Long-tailed duck doing what it does best – 2/3rds of it time is spent underwater when it is foraging
I was out at Balcomie Beach this morning. Even though the temperature was up a few degrees on yesterday it felt much colder in the open. The wind was from the south-west and very chilly bringing showers with it. Everything must have been taking shelter. There was almost nothing to see that wasn’t out on the sea where there can be no escape from the wind anyway. The long-tailed ducks are still in Balcomie Bay. Four this morning and a few more flying along the coast. Long-tailed ducks spend more time below the water than above it so they can be hard to count.
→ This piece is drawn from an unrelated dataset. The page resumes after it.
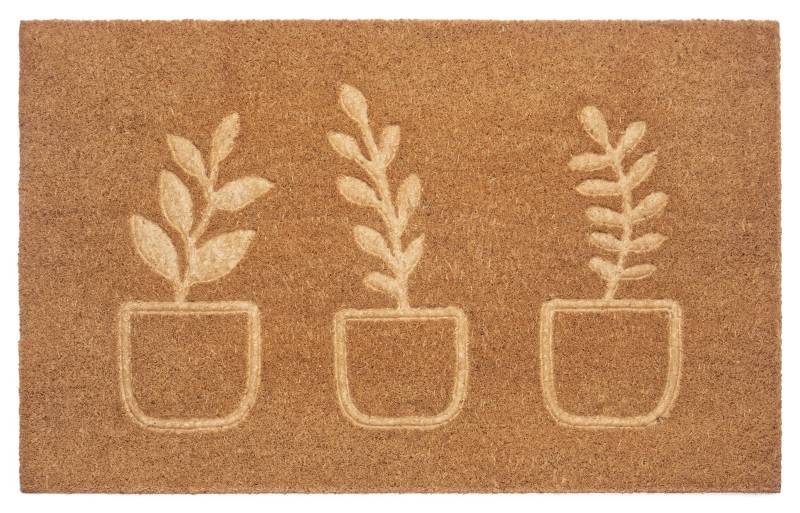 HANSE Home Fussmatte »Flowerpot, Türmatte«, rechteckig, 15 mm Höhe, Kokos, Schmutzfangmatte, Outdoor, Rutschfest, Innen, Kokosmatte, Flur von HANSE Home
Any scan across an expanse of sea will miss two-thirds of the ducks at any one time. Another problem with counting long-tails is their mobility. At the moment there is concern that numbers of long-tailed ducks are declining seriously across Europe and particularly in the UK. But we only have wintering birds and ducks are notoriously fickle with changing weather, staying put rather than migrating if conditions allow. The Americans call this “frame bias” – where a duck counter in one state might report a worrying decline in a species where a counter in a neighbouring state might report an increase. Overall no problem if you have a big enough spatial frame for the counts and consider the two states as the same population. We also have this problem across Europe. Good counts in some places (Western Europe) and poorer elsewhere (Russia for example). So a decline in Western Europe may be simply a redistribution, with an increase not being recorded in another location. With long-tailed ducks that winter along any stretch of coast right up to the Arctic, regardless of who is there to count them, this may well be the case. Then again a rapid decline of a bird population globally is not particularly unusual these days. I hope it’s just frame bias: long-tailed ducks are one of best Crail winter birds and I love being able to see them every time I look out to sea.
There was a white-billed diver out at the Isle of May on Wednesday. I have been checking the sea regularly since then in a forlorn hope of seeing this very rare species. The last ones I saw were 11 years ago in the high Arctic of North America, and one this far south is very unusual indeed. I have only seen our usual red-throated divers in the last few days.